‘I want to tell it just as I see it’: Laura Kenny on Olympic glory, personal pain and talking straight
“I’m going to say it as I see it, just like I normally do,” Laura Kenny stresses as the most successful female competitor in British Olympic history prepares to start working on “the dark side” in the media. “People want to know what I think and what I would have done or what they should’ve done. I think being honest is the best way.”
From London 2012 to the Tokyo Games in 2021, Kenny won six Olympic medals, five of them gold, as a track cyclist who was bold and brave, exhilarating and gritty. She will travel next week to the Paris Olympics and work for the BBC as a pundit while writing a column for the Guardian.

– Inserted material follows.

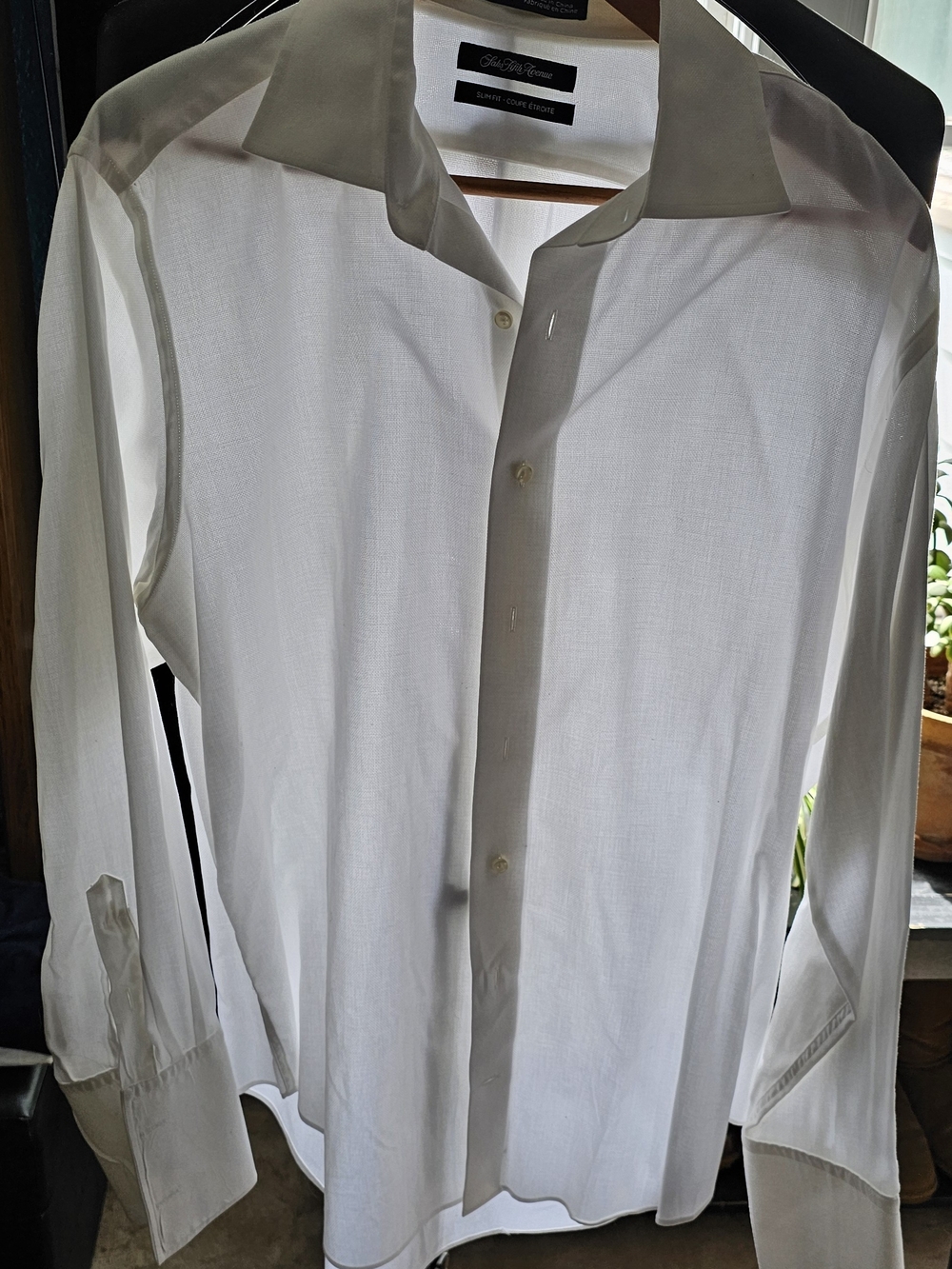 Saks Fifth Ave White Cotton Dress Shirt - Classic Spread Collar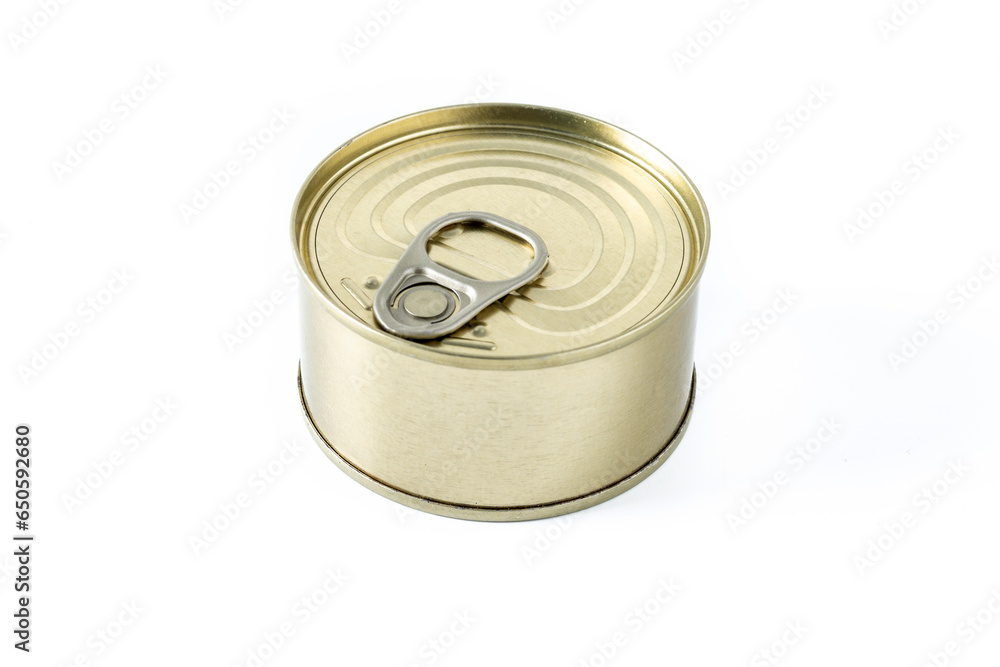 Various canned food in metal cans isolated on white background Various canned food in metal cans isolated on white background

But the 32-year-old brushes aside any doubts that she might want to tone down her direct way of speaking and avoid questioning or offending anyone, including members of the British Olympic squad who she knows so well and loves. As a sprint cyclist her husband, Jason, won nine Olympic medals, seven of them gold, and he is now the coach of the GB men’s sprint squad while also being a sounding board for other riders, including Emma Finucane, a possible British star of these Games. The 21-year-old sprint cyclist from Wales is already a world champion and the Kennys believe she will be a serious contender in three events in Paris.
It is still surprising to think that, if they were a country, Laura and Jason Kenny would share 22nd place in the list of gold medal-winning Olympic nations. But Kenny herself is more interested in talking plainly than resorting to stats or the bland platitudes often favoured by former sportspeople who would prefer to skate safely across the surface than tell the unvarnished truth. “Being able to speak out has been my biggest tool throughout my career,” she says. “Whether talking to a coach, a teammate or the media, I’ve always told them straight how I’m feeling.”
We are sitting in the front room of a house on a rainy summer evening in Macclesfield and Kenny is riveting company. She tells me how the most painful period of her life was darkened by the fact that, against her natural instincts, she stopped speaking openly and descended instead into miserable silence after enduring the double shock of a miscarriage in November 2021 followed by an ectopic pregnancy in January 2022. “I slipped into a personality that wasn’t mine,” Kenny says. “Throughout my career I’d been so open and honest but I couldn’t be myself when I really needed to talk.”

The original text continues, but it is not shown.